Normal Physiological Function
Presynaptic Active Zone Organization
RIMS1 is a master organizer of the presynaptic active zone: [@rims1_active_zone_2001]
- Recruits and scaffolds other active zone proteins including Munc13, CAPS, and ELKS
- Links voltage-gated calcium channels to synaptic vesicle release sites
- Organizes the release site geometry for optimal exocytosis
- Maintains the structural integrity of the active zone
Synaptic Vesicle Priming
RIMS1 is essential for synaptic vesicle priming: [@rims1_synaptic_vesicle_2001]
- Facilitates the transition of synaptic vesicles from a docked to a releasable state
- Works in concert with Munc13 and CAPS proteins
- Controls the size of the readily releasable pool (RRP)
- Regulates the kinetics of vesicle release
Calcium Channel Coupling
RIMS1 directly couples voltage-gated calcium channels to synaptic vesicles: [@rims1_calcium_2003]
- Binds to Cav2.1 (P/Q-type) and Cav2.2 (N-type) channels
- Facilitates tight coupling between calcium influx and vesicle release
- Determines release probability and timing
- Enables precise temporal control of neurotransmitter release
Rab3 Interaction
RIMS1 interacts with Rab3 GTPases to regulate vesicle cycling: [@rims1_rab3_2012]

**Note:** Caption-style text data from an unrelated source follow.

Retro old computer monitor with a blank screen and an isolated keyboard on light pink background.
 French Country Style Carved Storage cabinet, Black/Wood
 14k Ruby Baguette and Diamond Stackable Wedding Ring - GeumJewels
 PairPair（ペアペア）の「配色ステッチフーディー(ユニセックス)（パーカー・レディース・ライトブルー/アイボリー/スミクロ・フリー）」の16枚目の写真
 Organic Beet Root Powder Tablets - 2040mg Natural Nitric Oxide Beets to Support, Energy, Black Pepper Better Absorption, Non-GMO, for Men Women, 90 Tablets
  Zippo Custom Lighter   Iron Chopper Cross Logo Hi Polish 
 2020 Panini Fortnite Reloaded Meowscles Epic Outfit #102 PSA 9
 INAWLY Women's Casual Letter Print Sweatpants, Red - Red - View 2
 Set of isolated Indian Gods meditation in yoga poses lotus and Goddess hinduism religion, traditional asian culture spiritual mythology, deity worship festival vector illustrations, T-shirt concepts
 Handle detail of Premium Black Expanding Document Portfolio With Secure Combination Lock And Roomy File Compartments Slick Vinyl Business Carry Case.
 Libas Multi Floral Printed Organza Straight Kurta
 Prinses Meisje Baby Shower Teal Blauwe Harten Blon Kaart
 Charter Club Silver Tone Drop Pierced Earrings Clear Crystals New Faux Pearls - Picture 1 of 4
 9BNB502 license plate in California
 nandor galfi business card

- Binds to Rab3 on synaptic vesicles in a GTP-dependent manner
- Coordinates vesicle docking and priming with Rab3 cycling
- Regulates the size and replenishment of synaptic vesicle pools
- Links vesicle trafficking to release site availability
Disease Associations
Alzheimer's Disease
RIMS1 dysfunction contributes to synaptic failure in Alzheimer's disease: [@rims1_alzheimers_2016]
Molecular Findings:
- Reduced RIMS1 protein levels in AD brain, particularly in hippocampus
- Impaired coupling of calcium channels to release sites
- Decreased synaptic vesicle priming and release probability
- Altered interaction with amyloid-beta and tau pathology
Mechanistic Links:
- Amyloid-beta oligomers reduce RIMS1 expression and function
- Tau pathology disrupts RIMS1 localization at active zones
- Synaptic RIMS1 loss correlates with cognitive decline
- Impaired long-term potentiation (LTP) due to RIMS1 dysfunction
Therapeutic Implications:
- Small molecules that enhance RIMS1 expression or function
- Gene therapy approaches to restore synaptic transmission
- RIMS1 as a biomarker for synaptic health in AD
Parkinson's Disease
RIMS1 plays a crucial role in dopaminergic signaling in Parkinson's disease: [@rims1_parkinson_2019]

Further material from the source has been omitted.